Reproduce exactly, from the data that follows, the line with "Chorthippus (Glyptobothrus) apricarius", the line with "Black Loch Reflection.jpg", and every line that lies between them.
:: Supplied material ::
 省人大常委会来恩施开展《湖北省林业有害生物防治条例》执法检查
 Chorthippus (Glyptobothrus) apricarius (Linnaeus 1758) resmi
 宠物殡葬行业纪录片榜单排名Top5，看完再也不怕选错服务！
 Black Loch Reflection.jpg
:::
:: Supplied material ::
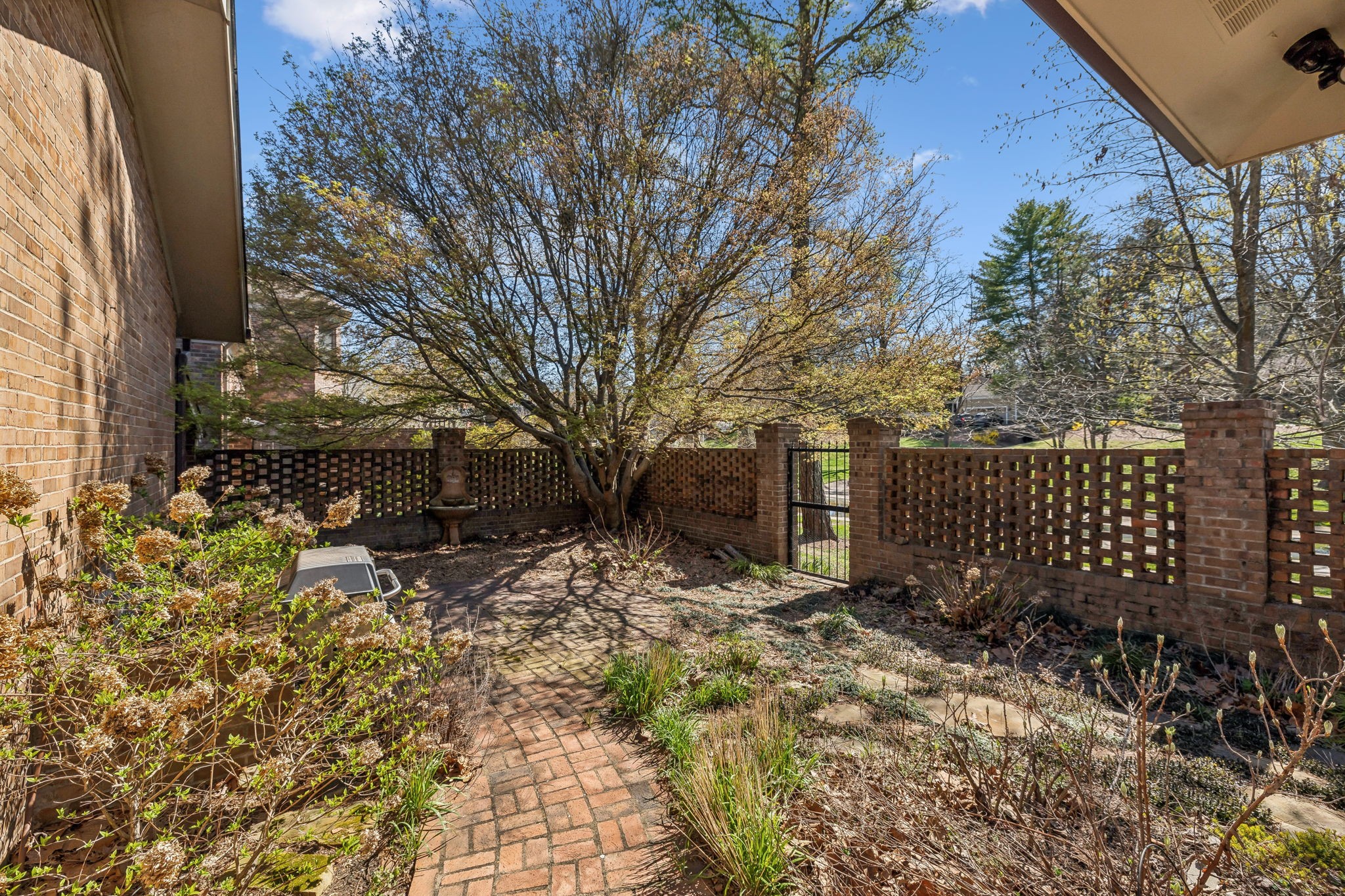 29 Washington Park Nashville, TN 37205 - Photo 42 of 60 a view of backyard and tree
:::
Task response
 Chorthippus (Glyptobothrus) apricarius (Linnaeus 1758) resmi
 宠物殡葬行业纪录片榜单排名Top5，看完再也不怕选错服务！
 Black Loch Reflection.jpg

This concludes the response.